* **Work to be completed**: The answer must be the full data, restated word for word, with no pictures in it.

Short text fragments from websites:
_ _ _ _ _
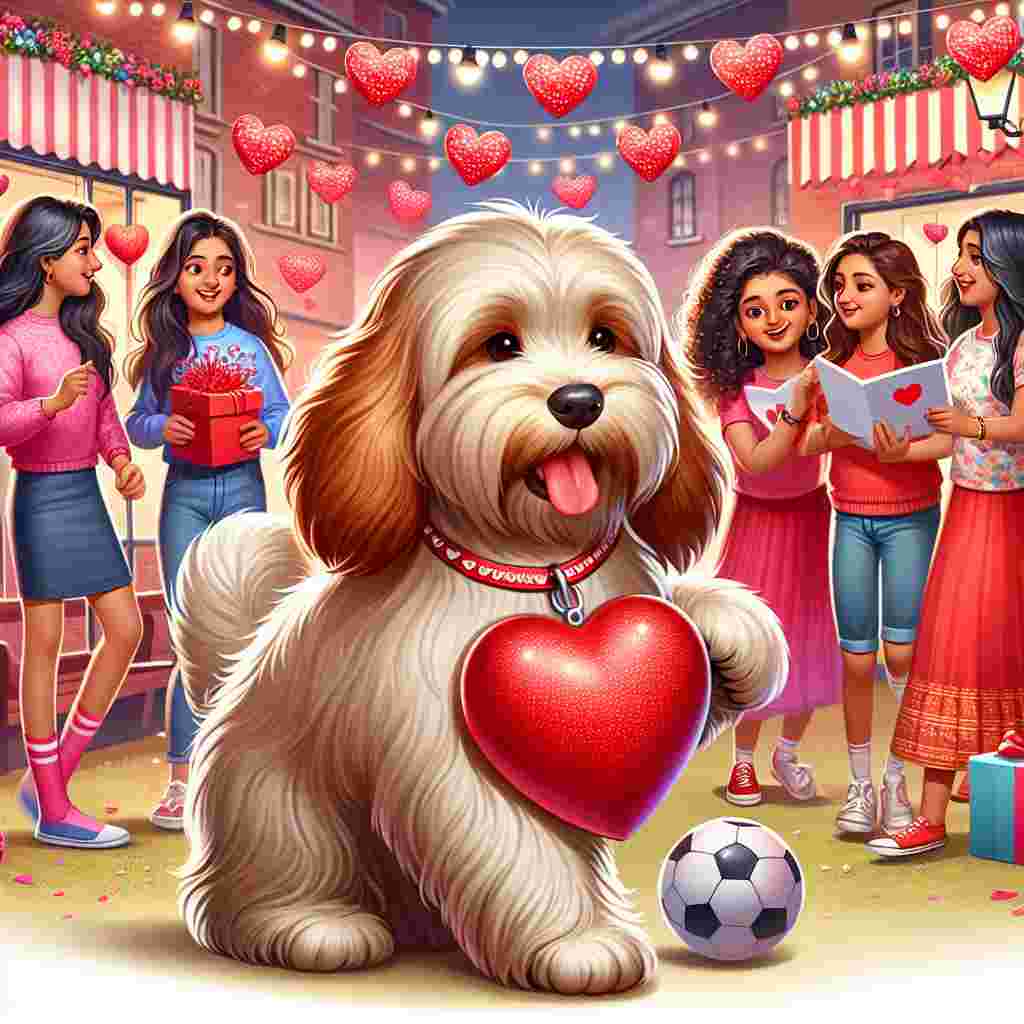 Create a delightful Valentine's Day scene showcasing a fluffy cockapoo dog at heart of the image, sporting a red heart-shaped tag and energetically wagging its tail. Around it, a diverse group of women of various descents are engrossed in a game of walking football. Provide a whimsical representation of an Indian restaurant, decked with festive lights and heart-shaped decors in the background, emanating the day's romantic essence. In the foreground, friends of different genders and descents can be seen happily exchanging Valentine's cards and gifts, contributing to the inviting, community atmosphere of the scene.
Generated with these themes: Their cockapoo dog, Ladies walking football, An Indian restaurant , and Friends.
Made with ❤️ by AI.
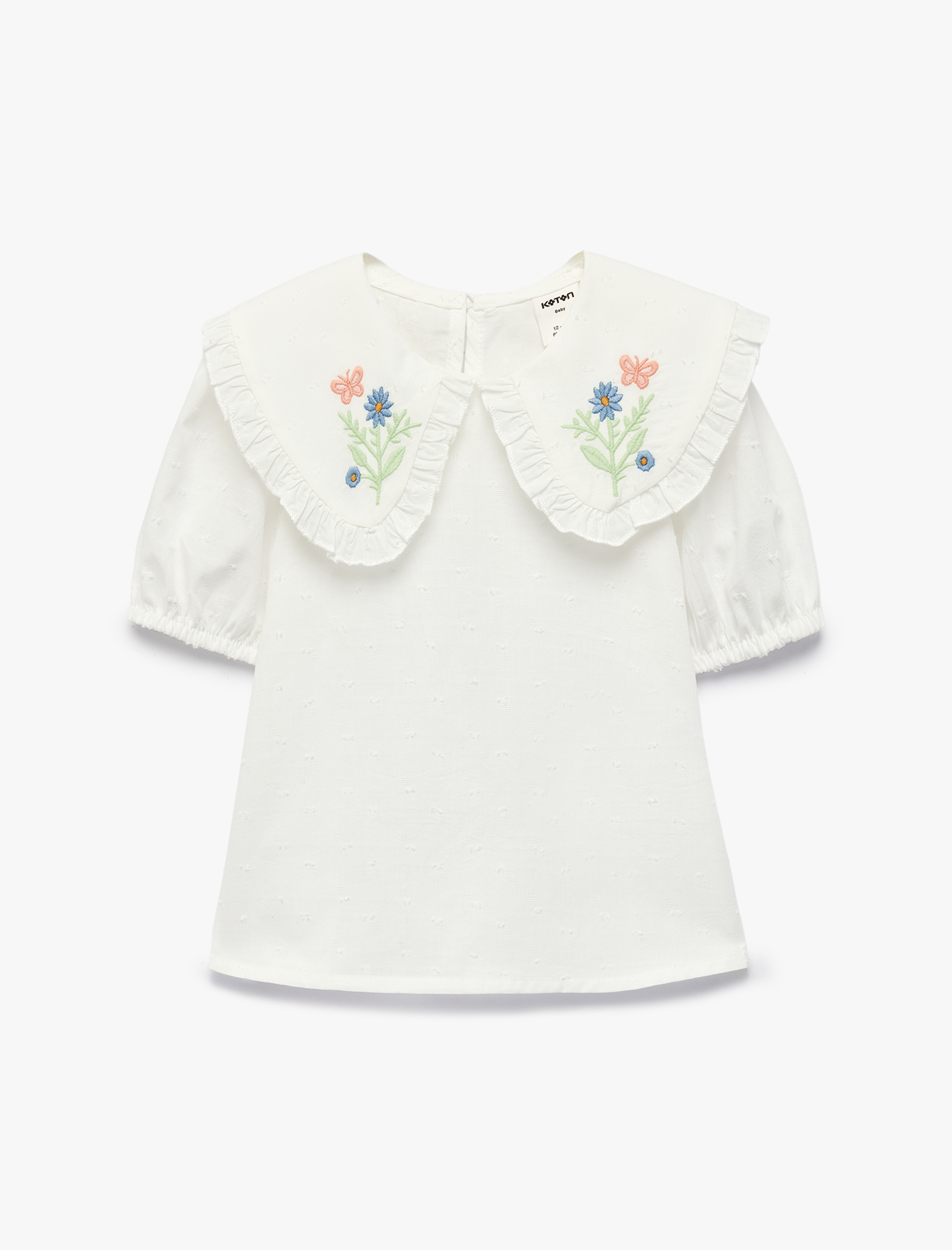  Kız Bebek Pamuklu Kısa Kollu Bebe Yaka Çiçek Nakış Detaylı Bluz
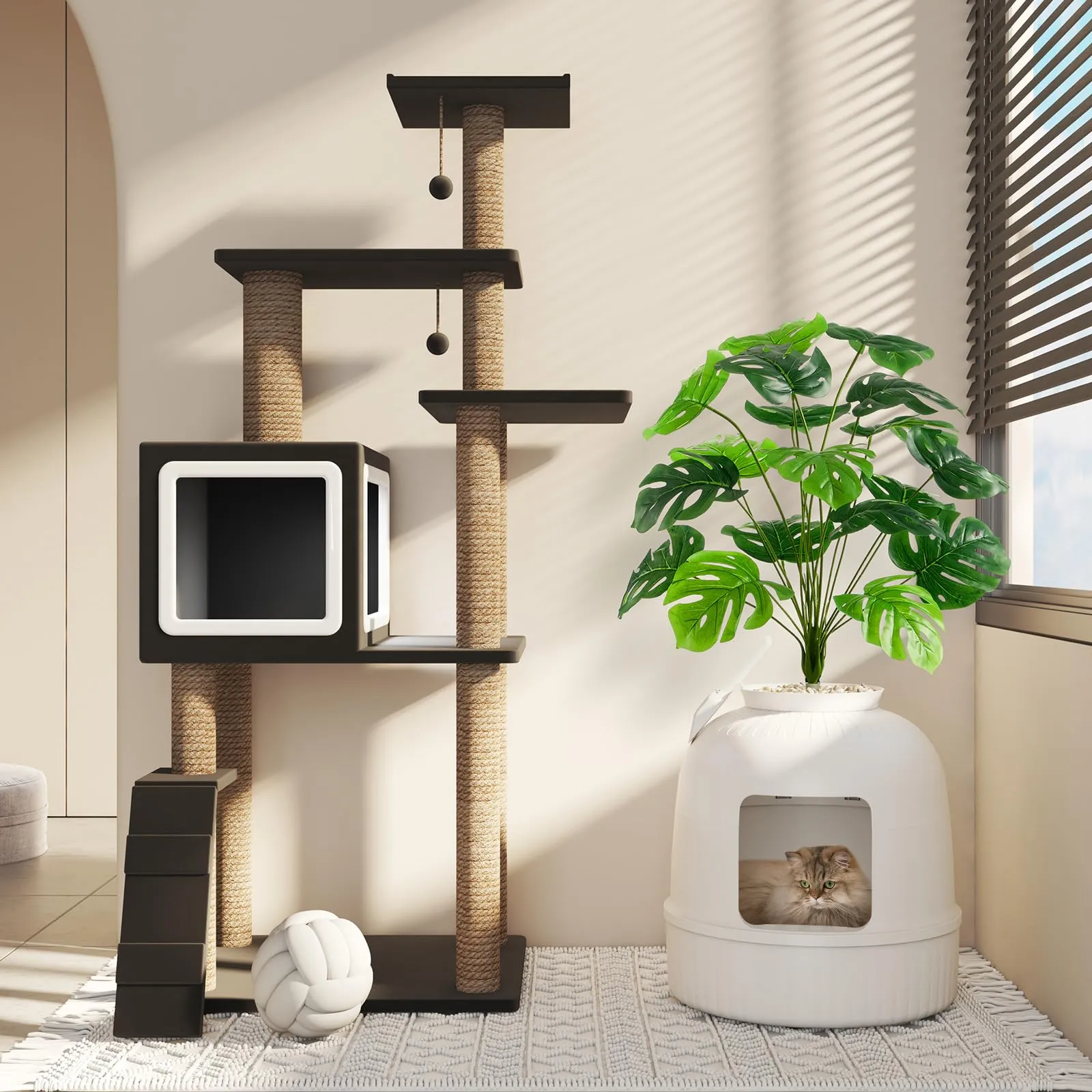 Lifewit Lettiera Gatto con Deodorante e Filtro a Carboni Attivi, Toilette per Gatti per Soggiorno, Camera da Letto e Angoli, Lettiera a Forma di Vaso con Pianta Finta e Paletta, 48 x 120 cm, Bianco - immagine 8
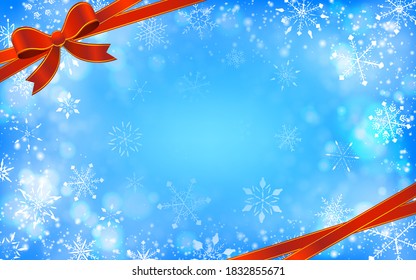 Background material of snowflake with ribbon Christmas image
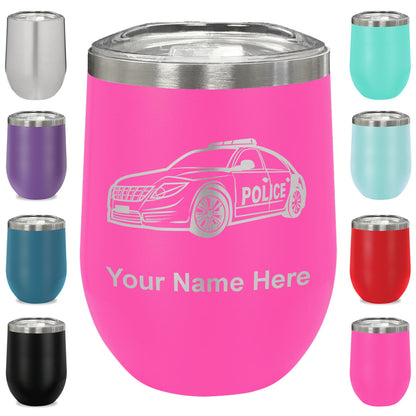 LaserGram Double Wall Stainless Steel Wine Glass, Police Car, Personalized Engraving Included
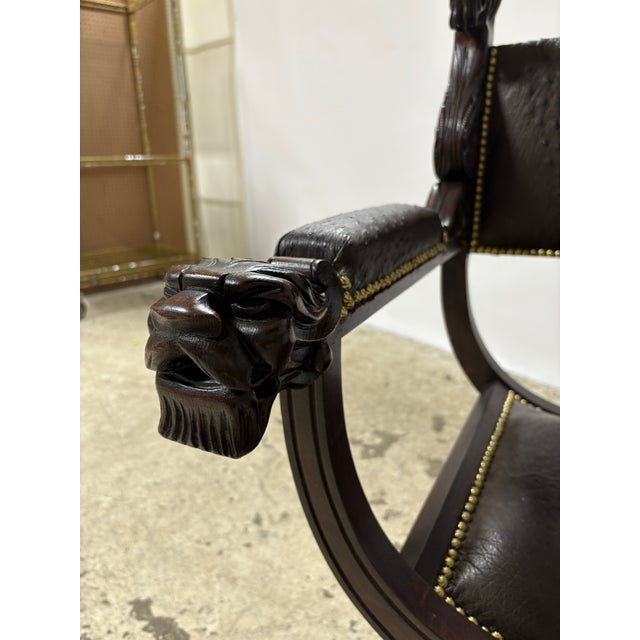 Late 19th Century Late 19th Century Renaissance Revival Lion Motif Arm Chair For Sale - Image 5 of 10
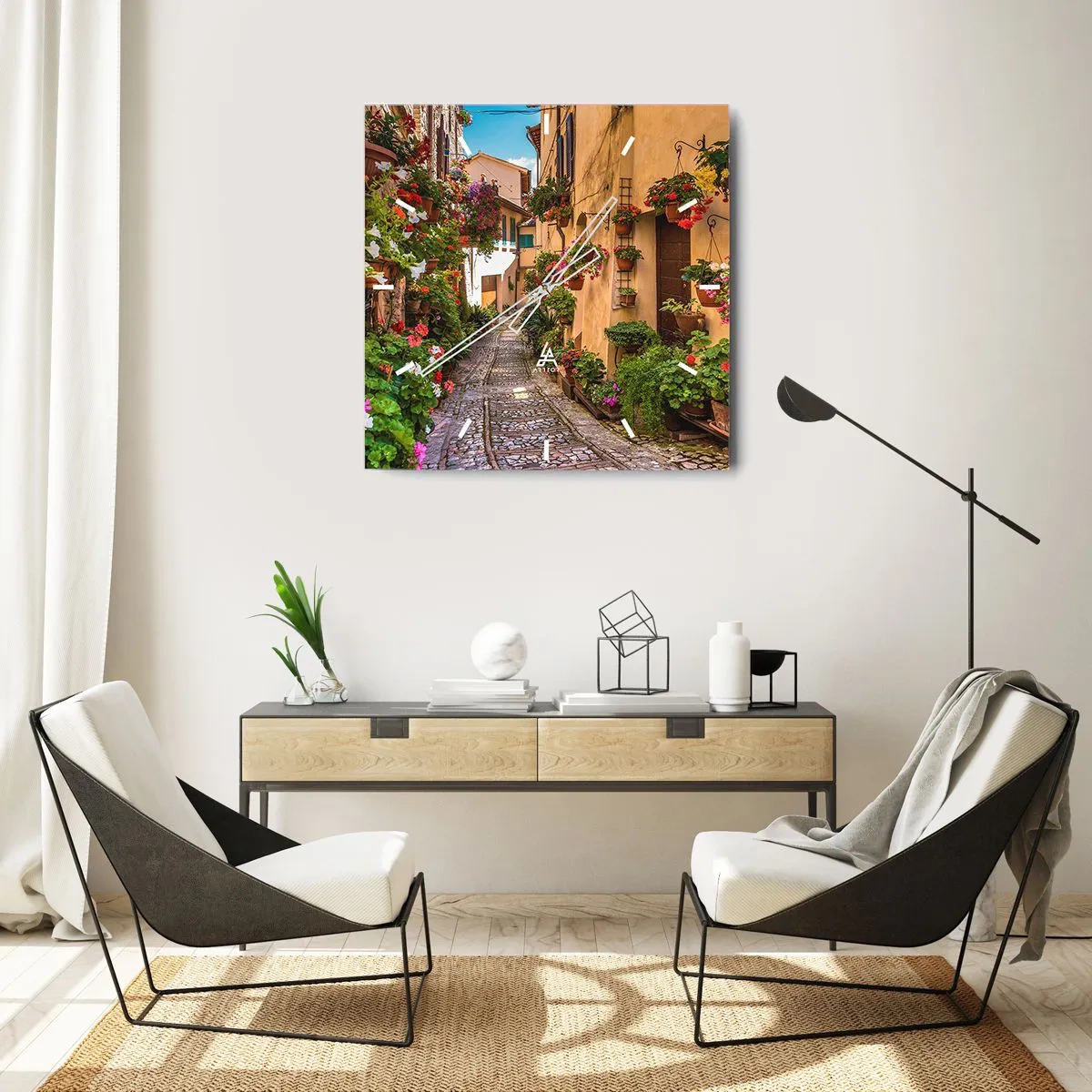 Vægur, Uret - Italiensk gyde - 40x40 cm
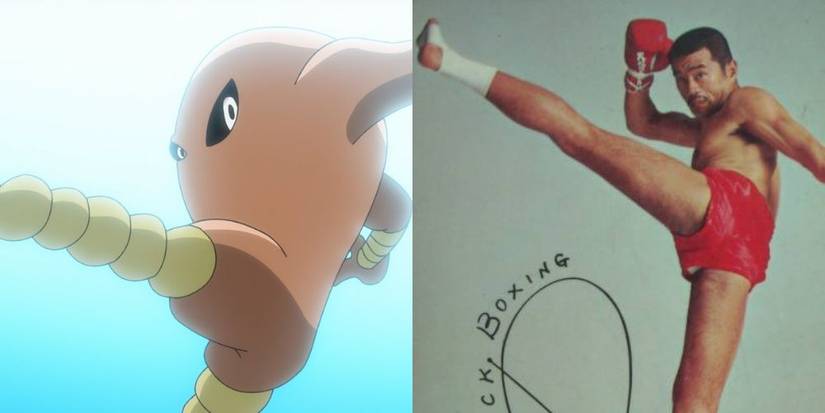 The Pokemon Hitmonlee alongside the japanese kick boxer Tadashi Sawamura.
_ _ _ _ _
* **Task output**:
 Create a delightful Valentine's Day scene showcasing a fluffy cockapoo dog at heart of the image, sporting a red heart-shaped tag and energetically wagging its tail. Around it, a diverse group of women of various descents are engrossed in a game of walking football. Provide a whimsical representation of an Indian restaurant, decked with festive lights and heart-shaped decors in the background, emanating the day's romantic essence. In the foreground, friends of different genders and descents can be seen happily exchanging Valentine's cards and gifts, contributing to the inviting, community atmosphere of the scene.
Generated with these themes: Their cockapoo dog, Ladies walking football, An Indian restaurant , and Friends.
Made with ❤️ by AI.
  Kız Bebek Pamuklu Kısa Kollu Bebe Yaka Çiçek Nakış Detaylı Bluz
 Lifewit Lettiera Gatto con Deodorante e Filtro a Carboni Attivi, Toilette per Gatti per Soggiorno, Camera da Letto e Angoli, Lettiera a Forma di Vaso con Pianta Finta e Paletta, 48 x 120 cm, Bianco - immagine 8
 Background material of snowflake with ribbon Christmas image
 LaserGram Double Wall Stainless Steel Wine Glass, Police Car, Personalized Engraving Included
 Late 19th Century Late 19th Century Renaissance Revival Lion Motif Arm Chair For Sale - Image 5 of 10
 Vægur, Uret - Italiensk gyde - 40x40 cm
 The Pokemon Hitmonlee alongside the japanese kick boxer Tadashi Sawamura.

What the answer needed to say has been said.